E.J. Dillon was a prolific writer in a variety of fields. Among his many publications are the following:

- The Sceptics of the Old Testament: Job - Koheleth - Agur. London: Isbister & Co., 1895.
- Maxim Gorky: His Life and Writings. London: Isbister & Co., 1902.
- The Original Poem of Job. London: T. Fisher Unwin Ltd., 1905.
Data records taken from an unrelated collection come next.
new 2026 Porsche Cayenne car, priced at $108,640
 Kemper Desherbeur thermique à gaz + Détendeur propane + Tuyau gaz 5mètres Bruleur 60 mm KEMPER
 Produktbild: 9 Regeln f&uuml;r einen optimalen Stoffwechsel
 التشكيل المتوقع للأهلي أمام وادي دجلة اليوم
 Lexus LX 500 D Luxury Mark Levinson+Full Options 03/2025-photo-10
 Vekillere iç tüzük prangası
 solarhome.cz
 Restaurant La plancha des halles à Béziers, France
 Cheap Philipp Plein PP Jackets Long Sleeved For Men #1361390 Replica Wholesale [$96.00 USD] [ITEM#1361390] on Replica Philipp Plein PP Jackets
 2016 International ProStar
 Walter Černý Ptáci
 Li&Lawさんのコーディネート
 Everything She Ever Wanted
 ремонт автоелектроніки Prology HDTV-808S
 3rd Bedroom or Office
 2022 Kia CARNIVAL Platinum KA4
- A Scrap of Paper: The Inner History of German Diplomacy and Her Scheme of World-Wide Conquest. London: Hodder & Stoughton, 1914.
- From the Triple to the Quadruple Alliance: Why Italy Went to War. London: Hodder & Stoughton, 1915.
- Ourselves and Germany. London: Chapman & Hall, 1916.
- The Eclipse of Russia. London: J.M. Dent & Sons Ltd., 1918.
- The Peace Conference. London: Hutchinson & Co.,1919.
- Mexico on the Verge. London, Hutchinson & Co., 1921."Read online"
- Russia Today and Yesterday: An Impartial View of Soviet Russia. London: J.M. Dent & Sons Ltd., 1929.
- Leaves from Life. London: J.M. Dent & Sons Ltd., 1932.
- Count Leo Tolstoy: A New Portrait. London: Hutchinson & Co., 1934.

He also published English translations of various works by Leo Tolstoy.